Flashback Friday: TCU used to be in Waco, what happened?

A fire in 1910 destroyed TCU's building in Waco, stifling the university's involvement with the city. Courtesy of The Texas Collection

By Caitlin Erramouspe | Reporter

Baylor University was founded in Independence in 1845, but made the move to Waco in 1886. Baylor wasn’t the only Christian university in Waco during the late 1800s, though. Texas Christian University (TCU), then known as AddRan Christian University, moved to the city in 1895.

Dr. Stephen Sloan, associate professor of history and the director of the Institute of Oral History at Baylor, is also the creator of Waco History, a website and mobile application dedicated to telling the local history of Waco.

In 1895, Waco made the largest bid to TCU: a plot of 15 acres and the deed to the Waco Female College building.

Sloan said this was “one of the largest instructional buildings in the state at the time it had been built, but [was] abandoned when Waco Female College went out of business.”

When TCU arrived in Waco, Baylor sent their most well-known representative to greet them.

“They had a formal welcome program at First Baptist Church, where local leaders welcomed the leaders of AddRan to Waco, and probably the biggest speaker that they had there was Rufus Burleson, who was president of Baylor at the time,” Sloan said.

Waco was one of the most prosperous cities in Texas, Sloan said. The city had a railroad station with seven connections, and the Brazos River, along with its centrally located placement in the state, contributed to its success.

The rivalry between Baylor and TCU didn’t begin until 1899 when they tied 0-0 in their first football game. The animosity had nothing to do with the fact that both schools were Christian because many schools had some sort of religious affiliation at the time, Sloan said.

So, what ran the Horned Frogs out of Waco?

“It was ultimately the fire in that building that doomed TCU’s future here because at that point several different cities made bids for assistance to the school and Waco’s bid was far less than what Fort Worth comes up with,” Dr. Sloan said.

Amie Oliver, interim director and librarian and curator of print materials at the Texas Collection located in the Carroll Library, provided insight on the actual night of the fire.

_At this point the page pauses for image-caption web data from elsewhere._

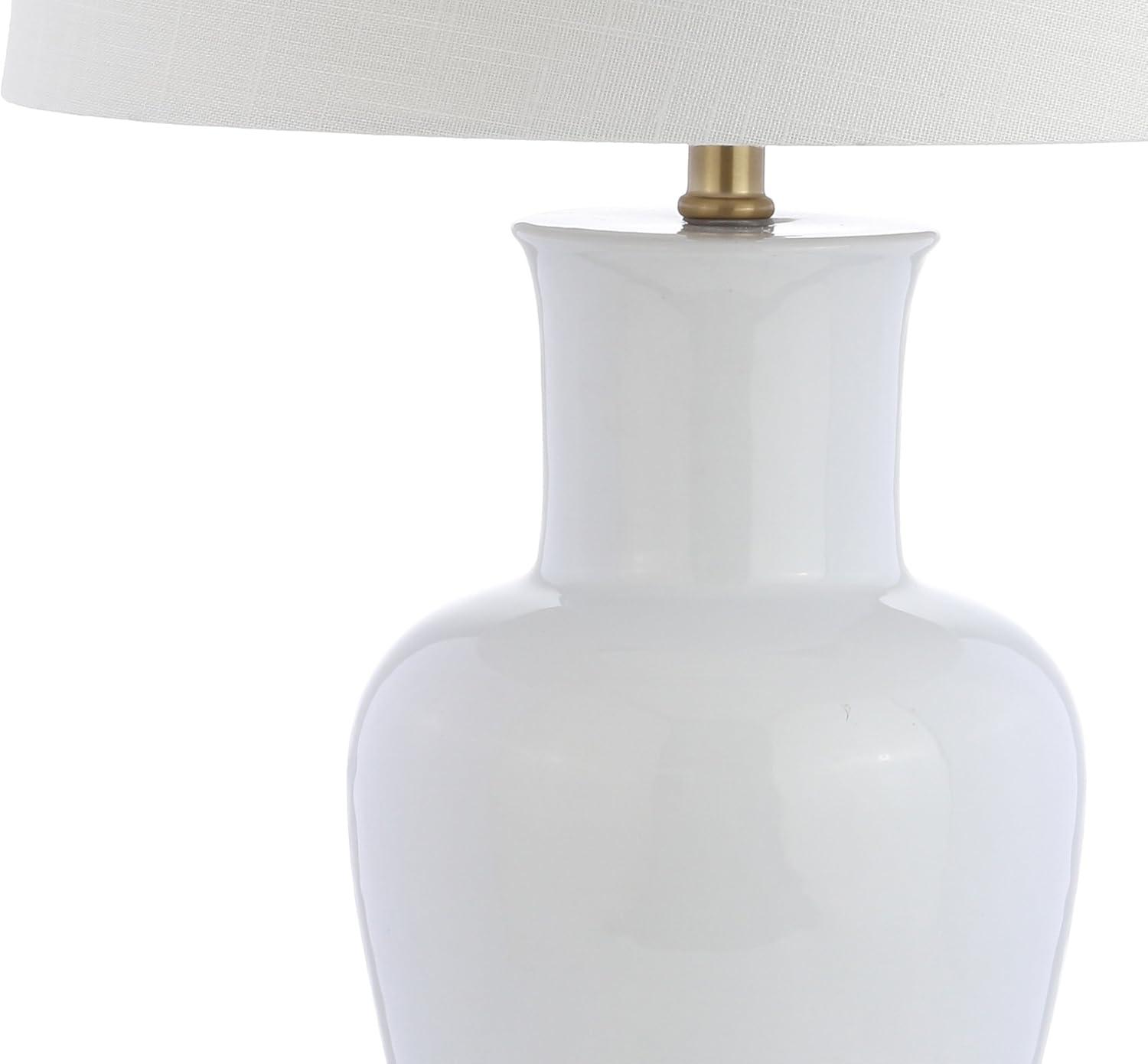 Julian 29" White Ceramic Table Lamp with Gold Accents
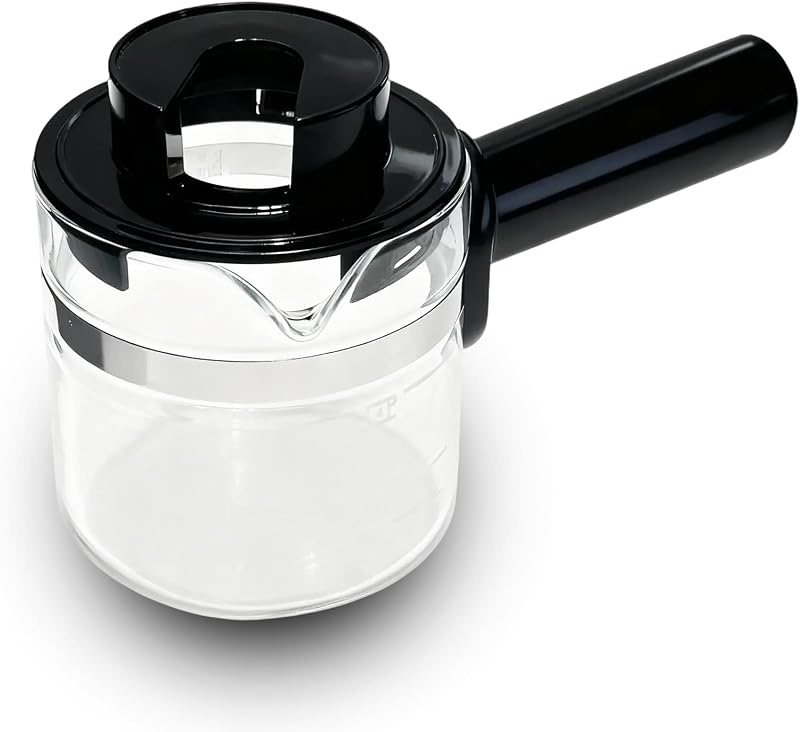 4 Cup Espresso Glass Coffee Pot Replacement-Espresso Accessories | Espresso Accessories，Compatible with IMUSA, Hamilton Beach, Mr.Coffee, Breville, UNIVEN Espresso Machine,Black handle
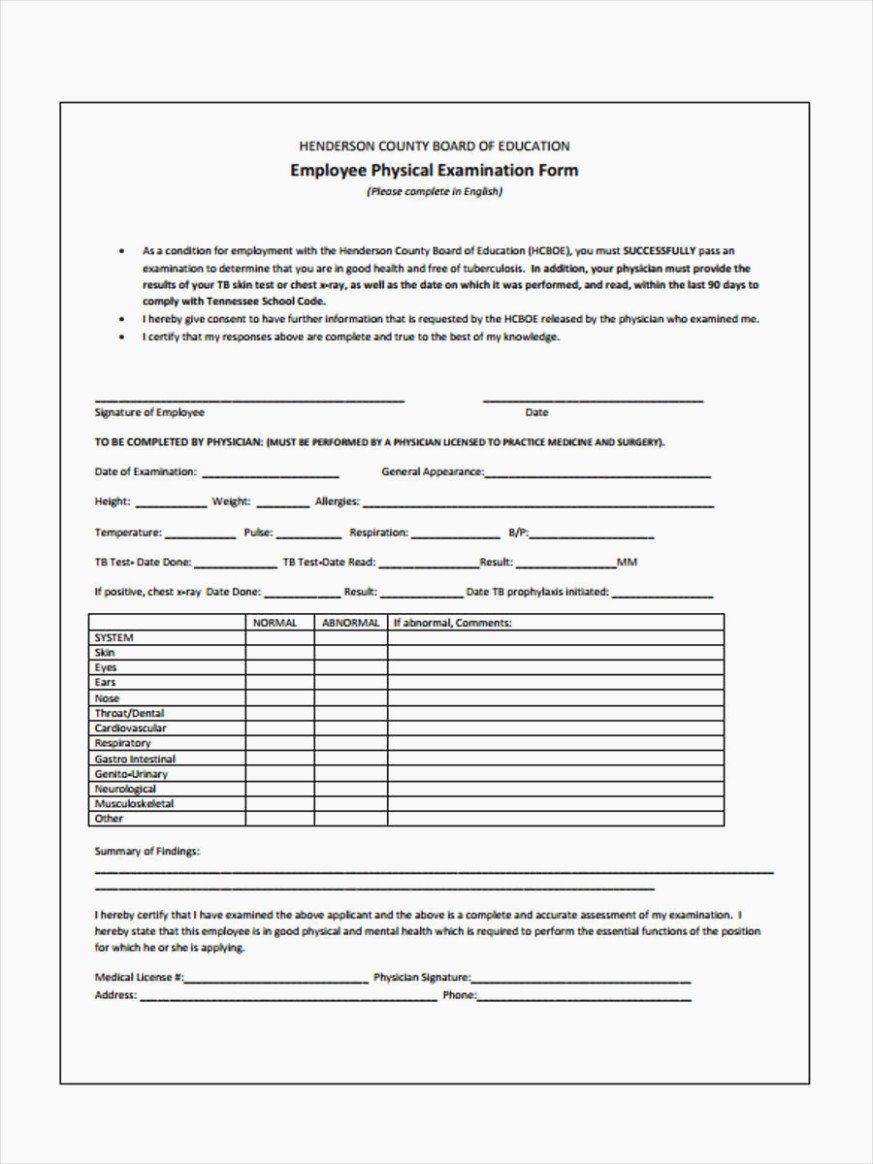 Employment Physical form Template Inspirational Five Facts that Nobody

“How the TCU fire started is a mystery, but we do know that on March 22, 1910, the fire was discovered in the main building just after 8 p.m.,” Oliver said.

The Waco Semi-Weekly Tribune headline that week was: “Waco Stands Like A Granite Wall Behind T. C. University.” The Lariat also ran a similar article, “T.C.U. Burns.” Wacoans offered their homes and support, and Baylor offered use of their facilities to TCU faculty and students following the incident.

That same year, TCU moved to Fort Worth after accepting an offer of 50 acres and $200,000. However, there is still a Texas Historical Marker commemorating the university’s location in Waco at Mitchell and 19th Street.